Earlier in the homily, Francis referred to the Gospel story of Jesus’ entry into Jerusalem, styling the various ways his arrival was interpreted and framed as an early exercise in what today would be known as media “spin.”

“Another kind of shouting comes from, the fierce cry of those who shout out: ‘Crucify him!’” the pope said.

“It is not spontaneous but already armed with disparagement, slander and false witness,” Francis said. “It is the voice of those who twist reality and invent stories for their own benefit, without concern for the good name of others. The cry of those who have no problem in seeking ways to gain power and to silence dissonant voices.”

It is, Francis said, “the cry that comes from ‘spinning’ facts and painting them such that they disfigure the face of Jesus and turn him into a ‘criminal’.”

“It is the voice of those who want to defend their own position, especially by discrediting the defenseless,” he said. “It is the cry born of the show of self-sufficiency, pride and arrogance, which sees no problem in shouting: ‘Crucify him, crucify him’.”
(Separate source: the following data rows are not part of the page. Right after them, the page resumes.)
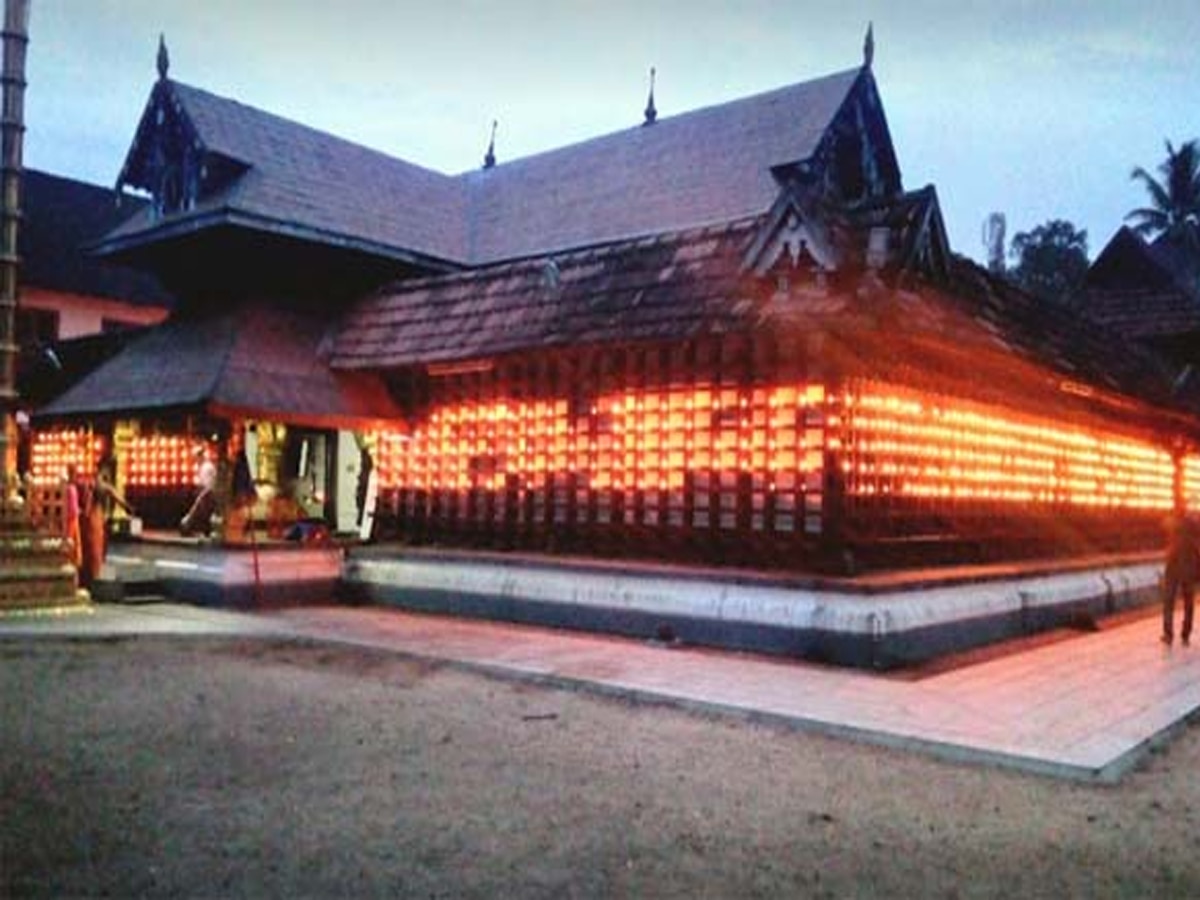 Thiruvarppu Krishna Temple: इस कृष्ण मंदिर में भगवान को रोजाना 10 बार ...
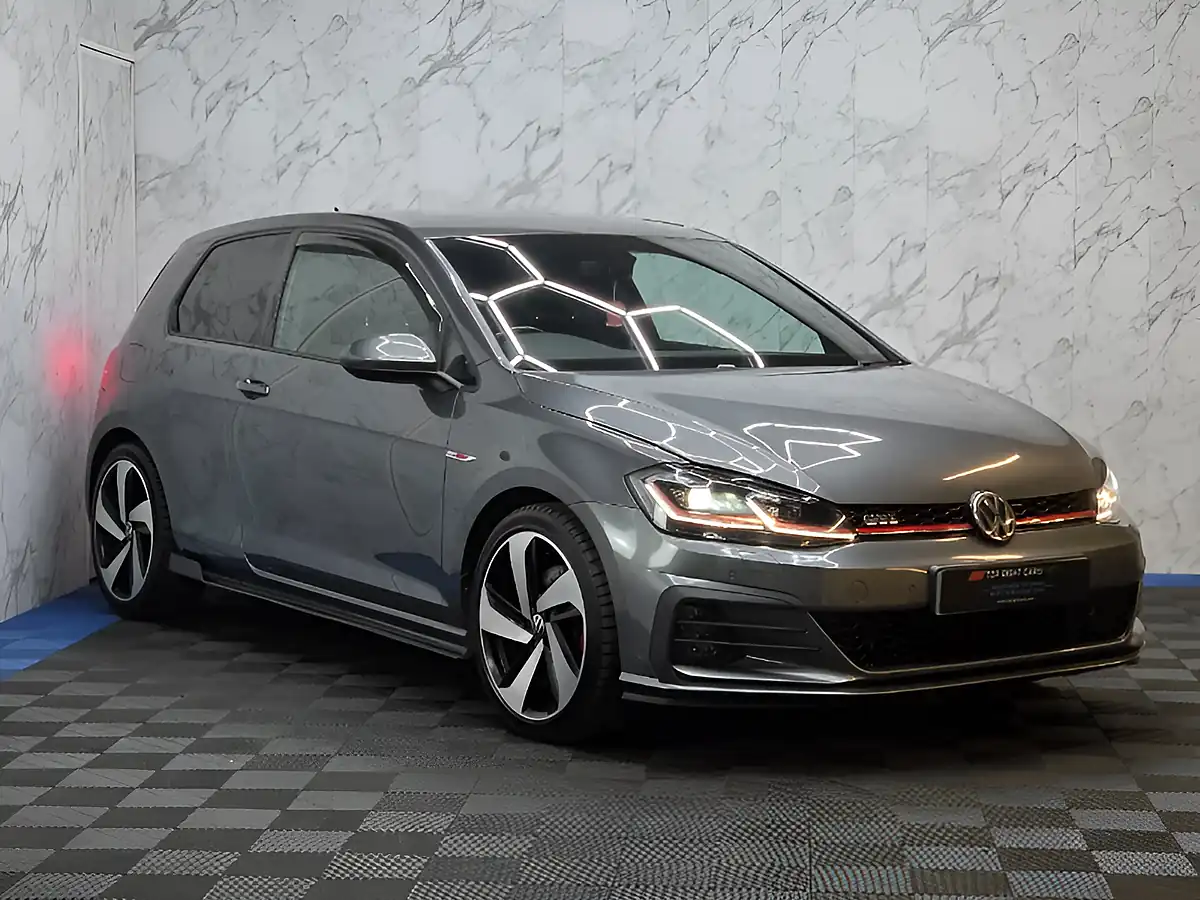 Used 2017 Volkswagen Golf GTI Grey - Front View
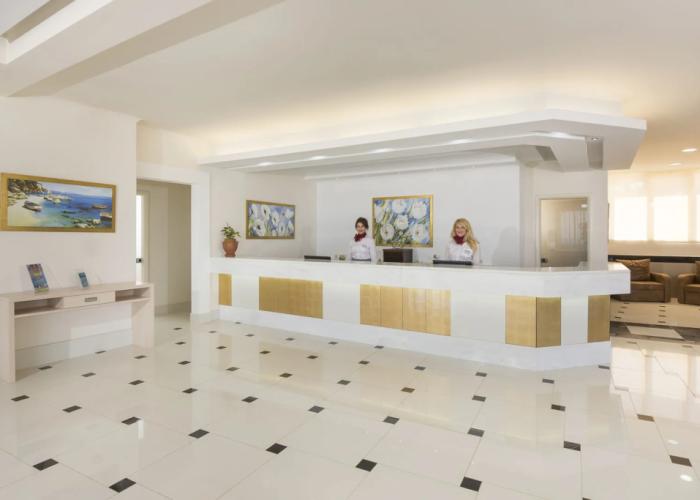 Kouros Palace Hotel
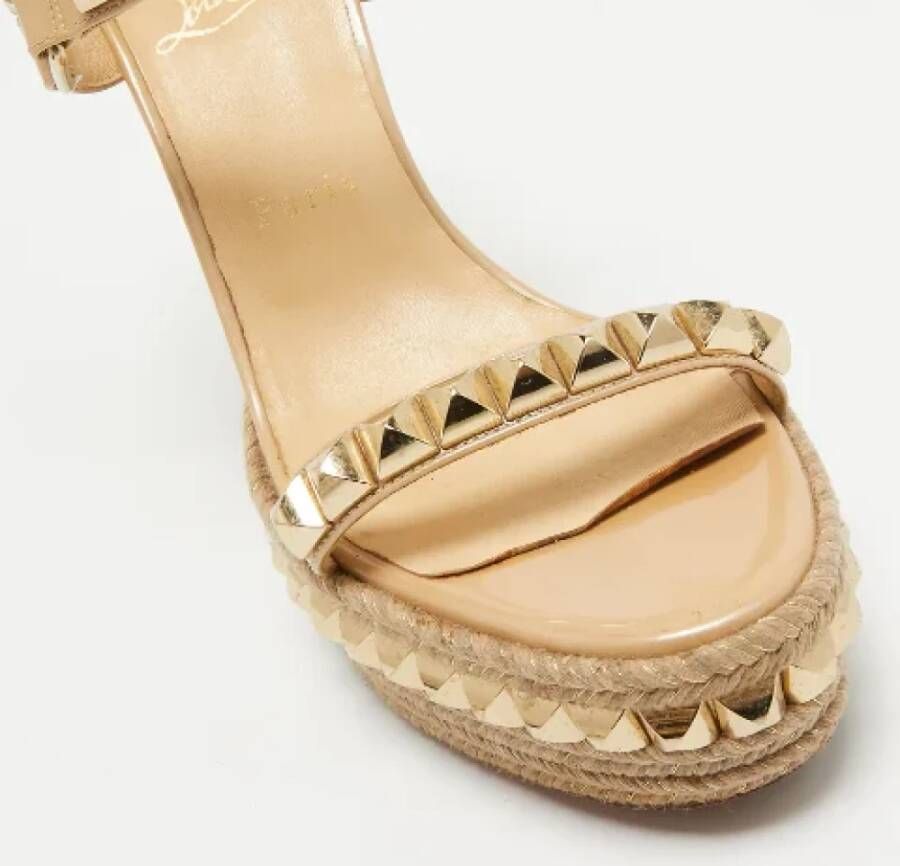 Christian Louboutin Pre-owned Leather sandals Beige Dames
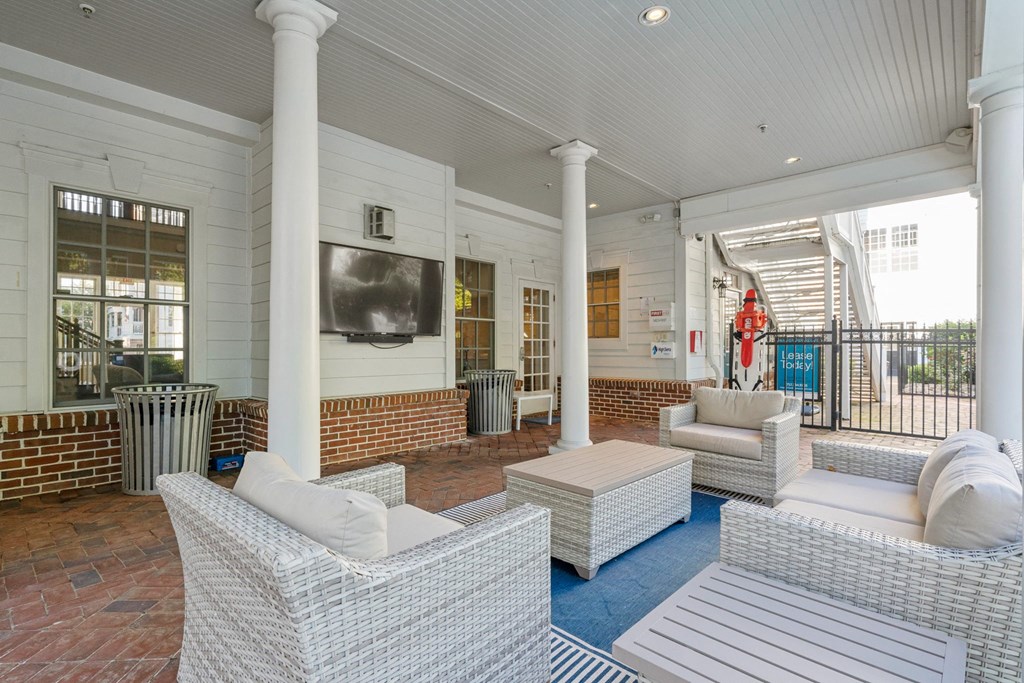 Lounge Area at Sterling Manor, Williamsburg, Virginia
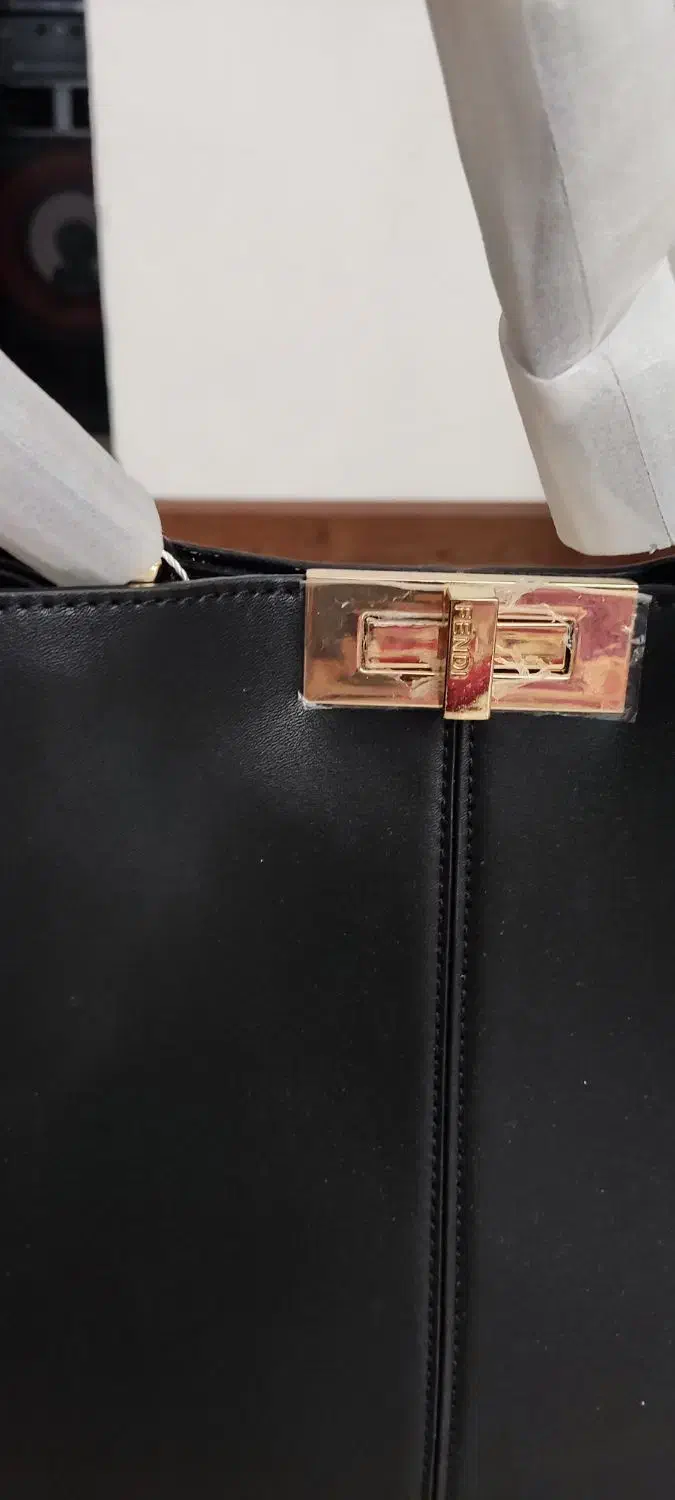 کیف زنانه مارک فندی کاملا نو|کیف، کفش، کمربند|کرمان, |دیوار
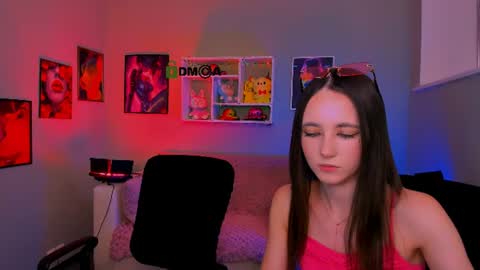 Snapshot of bella_dorn chatting on July 11, 2026, 9:12 am Bella online show from July 11, 2026, 9:12 am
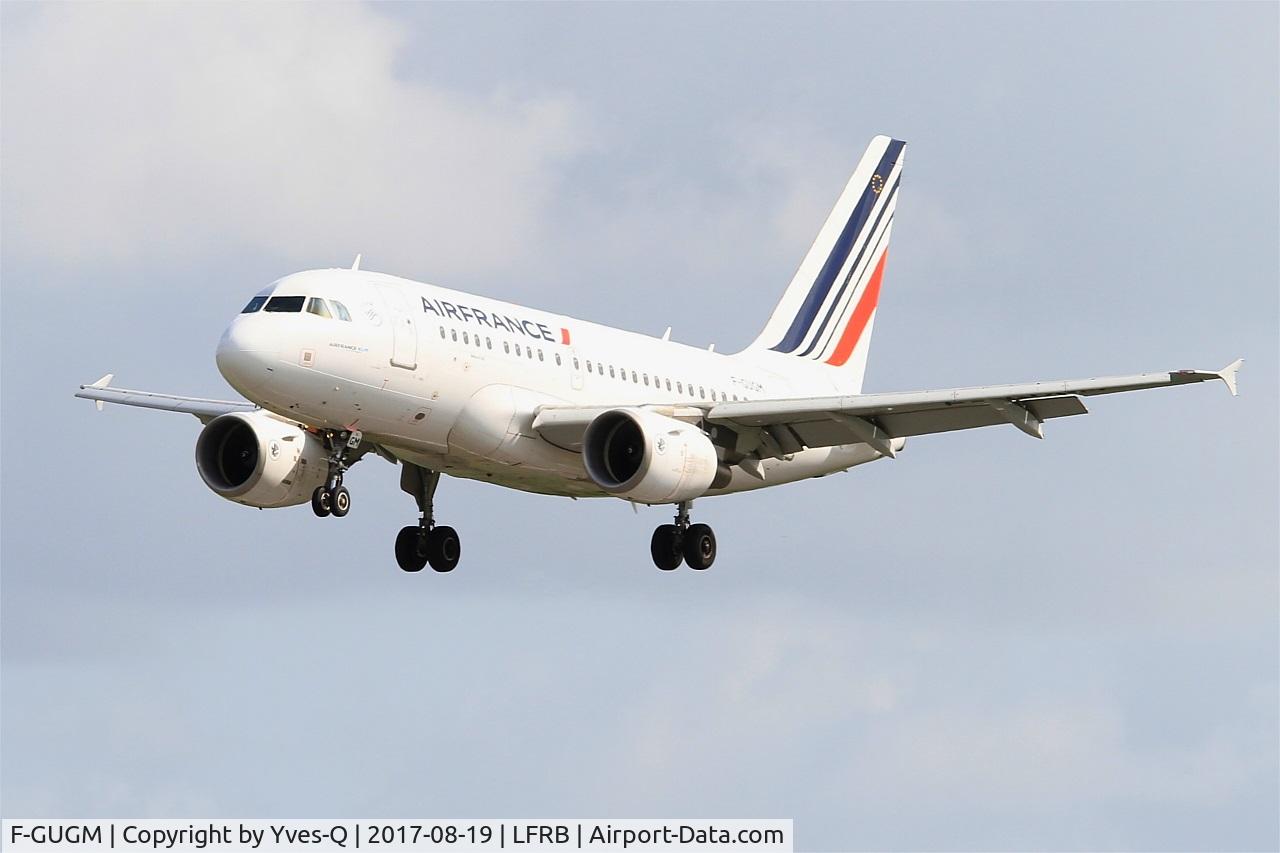 F-GUGM, 2006 Airbus A318-111 C/N 2750, Airbus A318-111, Short approach rwy 25L, Brest-Bretagne airport (LFRB-BES)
The answer to that kind of “spin,” the pope said, is to look to Christ on the Cross.

“Faced with such people, the best remedy is to look at Christ’s cross and let ourselves be challenged by his final cry,” he said.

“He died crying out his love for each of us: young and old, saints and sinners, the people of his times and of our own,” the pope said. “Looking at the cross means allowing our priorities, choices and actions to be challenged. It means questioning ourselves about our sensitivity to those experiencing difficulty.”

The pontiff included a special warning for youth in his Palm Sunday message.

“Dear young people, the joy that Jesus awakens in you is a source of anger and irritation to some, since a joyful young person is hard to manipulate,” he said.

The pope’s reference to youth comes a day after a special gathering of 300 Catholic youth from around the world wrapped up in the Vatican, intended to provide input for a Synod of Bishops set for October on the themes of youth and vocational discernment.

The concluding document of that pre-synodal meeting of youth was to be presented to Francis at the conclusion of the Palm Sunday Mass by a young person from Panama, the site of the next World Youth Day.